Sunday 17th December, Carol Service

by Revd Chris Palmer


One of our most common prayers for people is that God will be with them. It what we pray for ourselves too. ‘Be with us, Lord…’ It’s the prayer we find on the lips of children, in inarticulate pleas in moments of despair, and in the most common greeting of the liturgy, ‘The Lord be with you…’

The problem is that such prayers give the impressions that God’s presence – his with-us-ness – is an uncertain, undependable things – a possibility that we might be lucky enough to have gifted to us, or even that we might be good enough to deserve. A prize for a life well lived, or at least the present that God gives to his beloved children – but always with the possibility that he’ll hold it back from us, or even a delicate ornament that we’d better not drop, or it’ll be broken beyond repair.
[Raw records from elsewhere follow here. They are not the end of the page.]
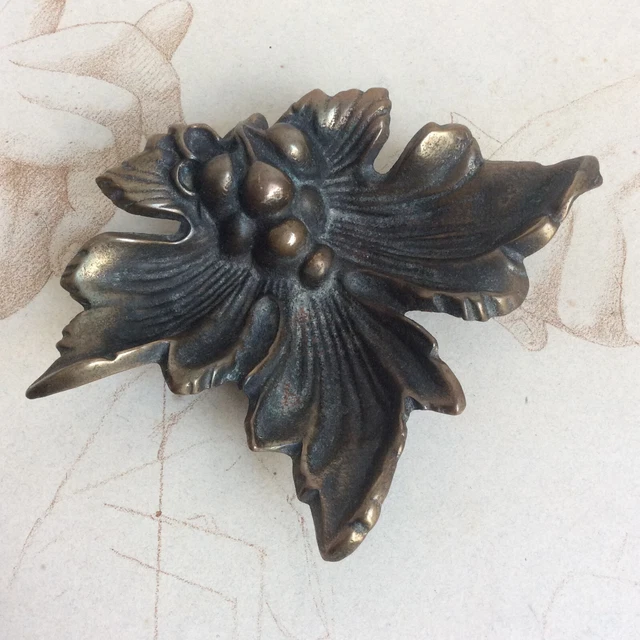 Broche Ancienne En Bronze - Motif Fleur Ou Fruit - Occasion Bon état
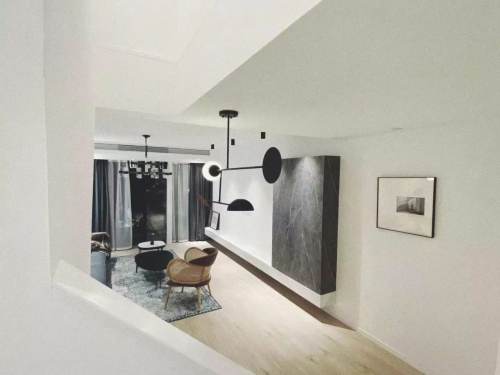 Housing image — Living Room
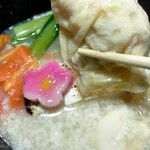 宇豆基野 - 海老湯葉ワンタン レンチン2分半です。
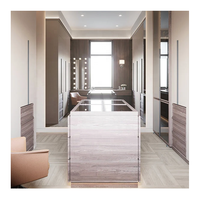 Armoire coulissante de luxe sur mesure en cuir pour chambre à coucher, grande armoire pour femmes avec miroir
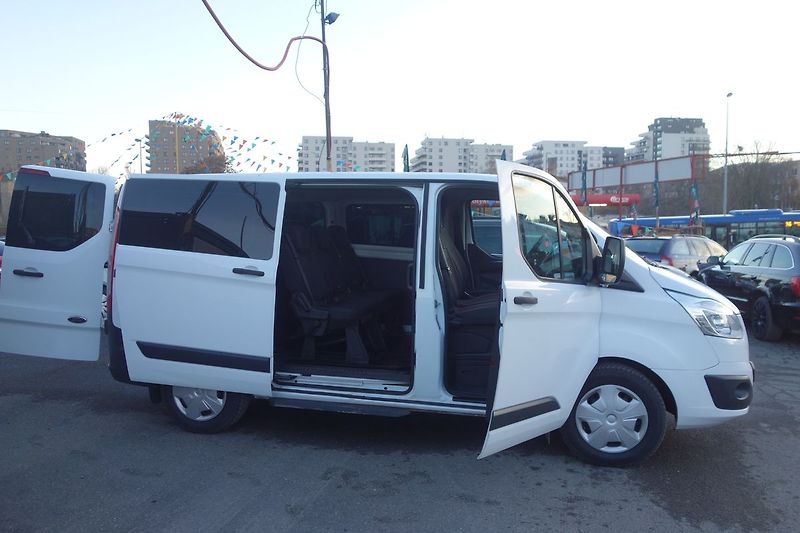 Ford Tourneo Custom 2,2TDCi 8 MÍST TOURNEO - fotka 14 z 33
But everything in Christian theology – in the Gospel of Christ – tells us it’s not like that. God is present in and through all creation. His being fills all; he nearer to us than we are to ourselves and his spirit, which is God’s own being, penetrates all creation and animates all entire universe. The difficulty is not being with God – the difficult thing would be to escape God. As the writer of Ps 139 says, ‘Where can I go from your spirit? If I climb up the heavens you are there. If I make me grave in the earth, you are there also.’
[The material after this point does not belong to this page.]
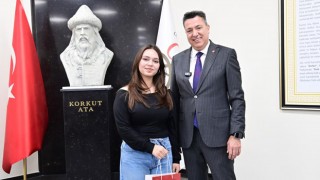 OKÜ Bölümlerine Birincilikle Yerleşen Öğrencilere Hediye
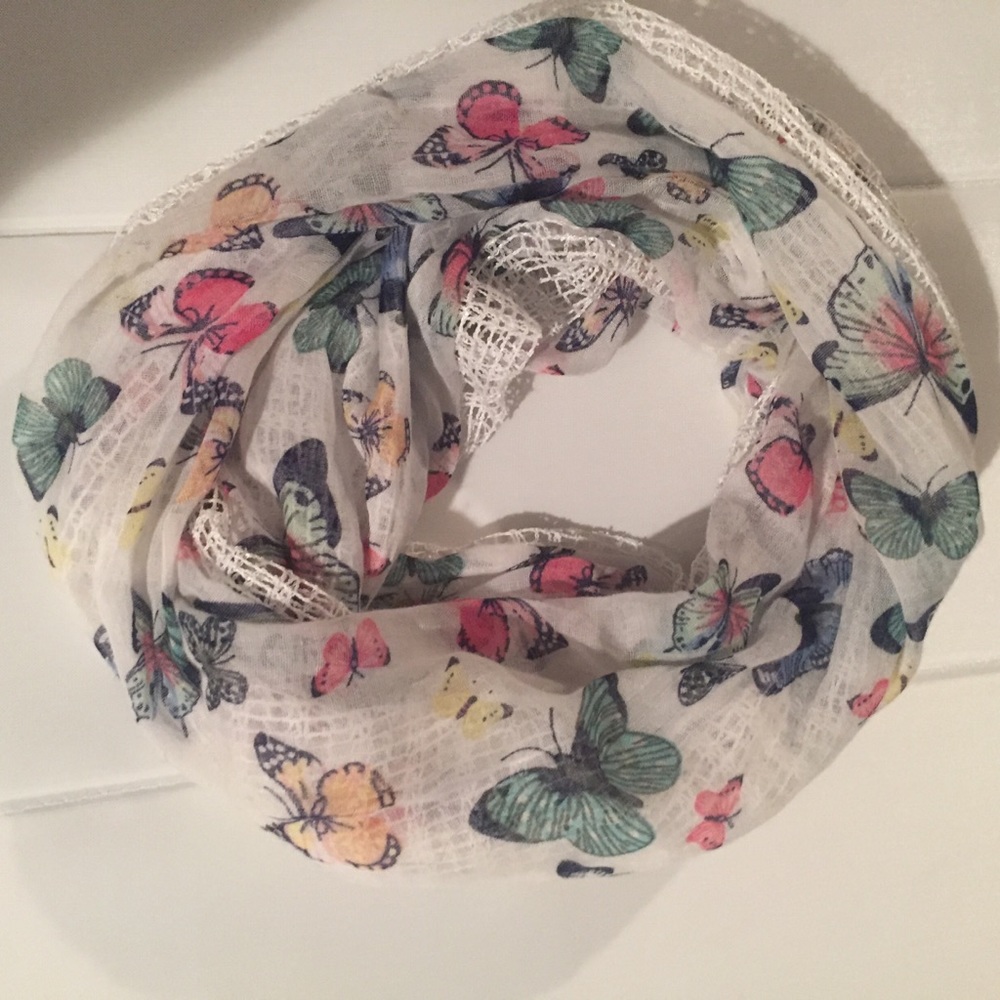 🍍Butterflies & Mesh infinity scarf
But it doesn’t feel like this. Very often it feels as if we are abandoned, as if we are alone in the universe. We have no sense of God’s closeness, of his presence. And meaningful spiritual writers tell us the problem’s not that God’s gone AWOL, but that we’ve gone AWOL. In other words, we have spiritually drawn back from God, not he from us. In fact I’ve said that often myself. And in a sense it may be true. But it’s a bit like Galileo telling people that the earth orbits the sun – it wasn’t how they experience the world – and so it didn’t make sense. It looks to all intents and purposes as if the sun goes round the earth. If feels to all intents and purposes as if God draws back from us.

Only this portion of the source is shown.